__Collected data__
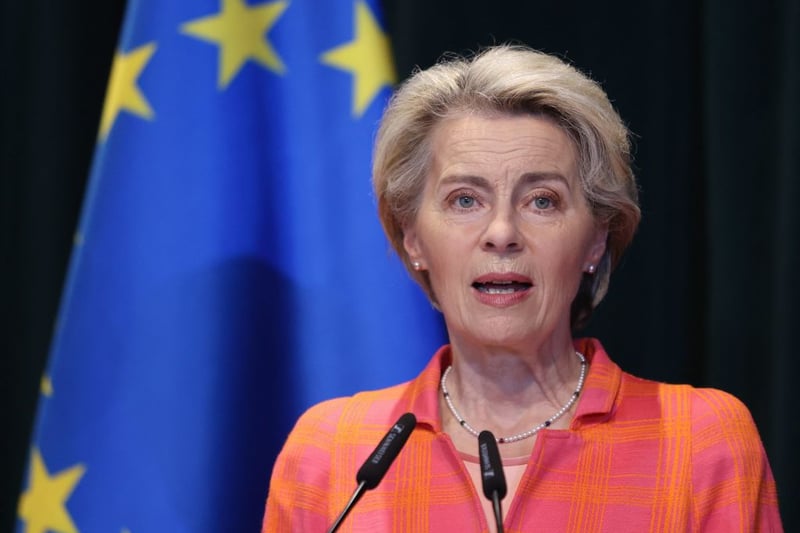 The President of the European Commision congratulated the new president and she looks forward to working with him on “pressing global challenges”. Ursula von der Leyen wrote on Twitter: “Congratulations, @LulaOficial, on your election as President of Brazil. I look forward to working with you to address pressing global challenges, from food security to trade and climate change.”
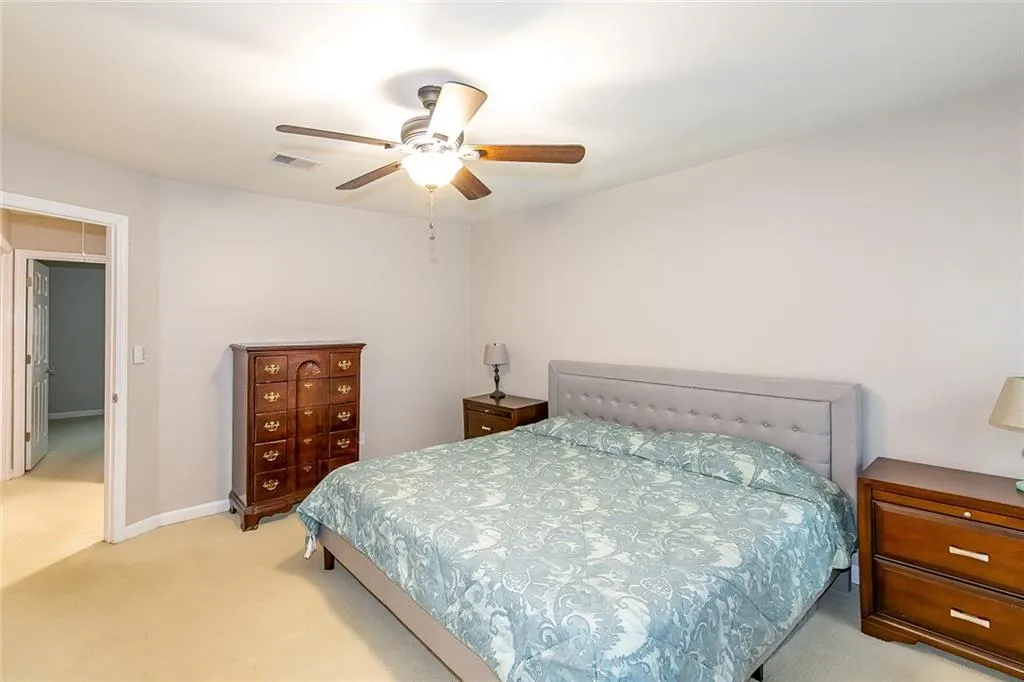 22 Huntington Place Drive, Sandy Springs, Georgia 30350, 3 Bedrooms Bedrooms, ,2 BathroomsBathrooms,Residential,Sold,22 Huntington Place Drive,6833366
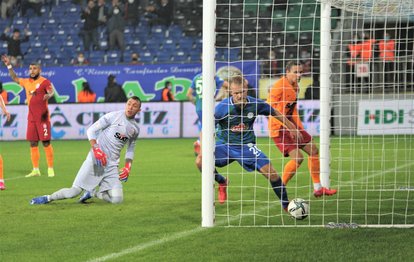 SON DAKİKA GALATASARAY HABERİ - Spor yazarları Rizespor - Galatasaray maçının ardından değerlendirmelerde bulundu!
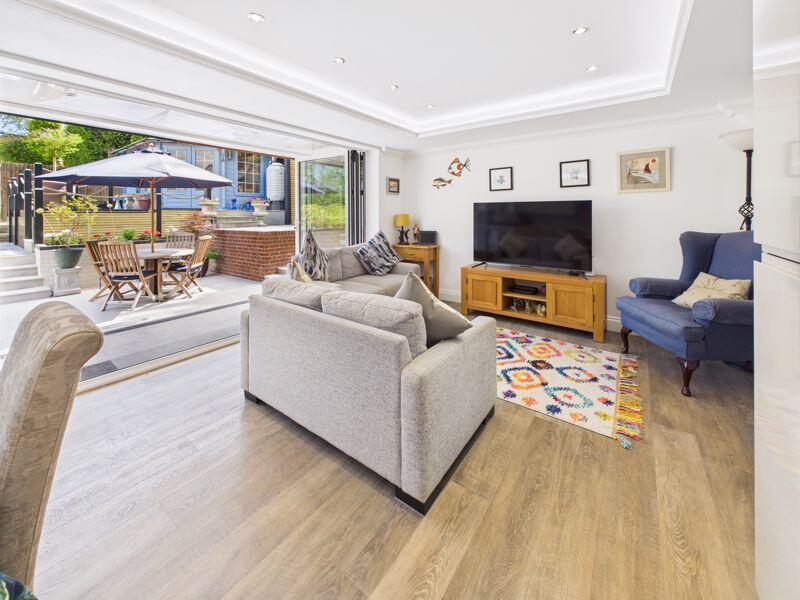 LIVING ROOM AREA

__Assignment__
Please restate the whole listing exactly, without any of its pictures.

__Exercise response__
 The President of the European Commision congratulated the new president and she looks forward to working with him on “pressing global challenges”. Ursula von der Leyen wrote on Twitter: “Congratulations, @LulaOficial, on your election as President of Brazil. I look forward to working with you to address pressing global challenges, from food security to trade and climate change.”
 22 Huntington Place Drive, Sandy Springs, Georgia 30350, 3 Bedrooms Bedrooms, ,2 BathroomsBathrooms,Residential,Sold,22 Huntington Place Drive,6833366
 SON DAKİKA GALATASARAY HABERİ - Spor yazarları Rizespor - Galatasaray maçının ardından değerlendirmelerde bulundu!
 LIVING ROOM AREA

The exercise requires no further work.